Implications of Nivestim’s approval on the Australian biosimilars market

6 Oct 2010, by Informa Insights

Melbourne – 6th October 2010 – Biosimilars in Australia: Nivestim approval opens up local filgrastim biosimilars market.

Lisette Oversteegen, Lead Analyst, comments:

“Although the recent approval of biosimilar filgrastim is a positive development for the Australian industry, the proposed biosimilars pricing regulations may slow uptake”.

Compared with Europe, where several biosimilar products of three different molecules (epoetin, filgrastim and somatropin) have been approved since 2006, Australia’s biosimilars market is still very small. Until recently, somatropin was the only biologic that had biosimilar versions available, according to a new report by Datamonitor*. Furthermore, “Sales in this market were low at $45,000 in 2009,” states Datamonitor Lead Analyst Lisette Oversteegen, “and still very much dominated by Pfizer’s branded somatropin products Genotropin and Genotropin MiniQuick.”

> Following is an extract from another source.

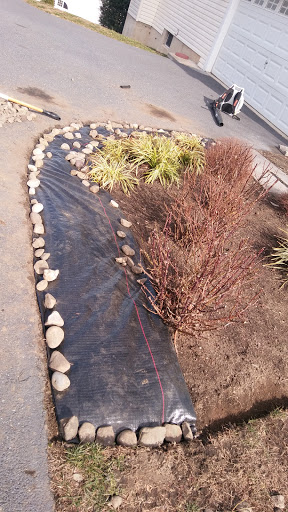 Grocery Store «Primos Mini Market», reviews and photos, 37 Strode Ave, Coatesville, PA 19320, USA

Last month, however, the Australian Therapeutic Goods Administration (TGA) granted approval to a new class of biosimilars, with the authorization of Nivestim (filgrastim; Hospira). Having already gained successful marketing approval from the European Medicines Agency (EMA) in June 2010, and listed on the agenda for Australian reimbursement consideration in November, Nivestim is expected to enter the Australian market in early 2011. It will compete with the original brand Neupogen (filgrastim; Amgen), which had sales of $21m in 2009 in Australia. It is interesting to note that Nivestim is the first filgrastim biosimilar to be launched in Australia, despite the fact that others have been available in key biosimilar markets such as Germany for some time, including Biograstim (CT Arzneimittel GmbH) and Ratiograstim (Ratiopharm).

“Although the approval of Nivestim is a positive development for the Australian biosimilars industry, the proposed biosimilars pricing regulations may slow uptake,” comments Oversteegen. In July 2010, the TGA and Pharmaceutical Benefits Division (PBD) published a consultation paper on potential biosimilars pricing regulations. “Some of the government’s proposals will come as a disappointment to companies planning to launch biosimilars in Australia”, states Oversteegen.

One of the key limitations will be a likely ban on ‘a’-flagging, which is currently used to indicate equivalent drugs on the Pharmaceutical Benefits Scheme (PBS) and allows pharmacists to automatically substitute an innovator brand with a generic without seeking prescriber permission. As in Europe, a ban on automatic substitution with biosimilars would require substantial sales and marketing investment from biosimilar manufacturers and would slow their uptake. The discussion paper also proposes that biosimilars that received marketing approval based on an abridged application dossier and with the same non-proprietary name as the innovator brand (indicating that they are biosimilars to this innovator brand) will, upon approval for reimbursement, be placed on the F2 formulary. This means that biosimilars and reference products will be subject to F2 statutory price reductions and the price disclosure scheme, as detailed in the Memorandum of Understanding (MoU) agreed earlier this year between the government and Medicines Australia.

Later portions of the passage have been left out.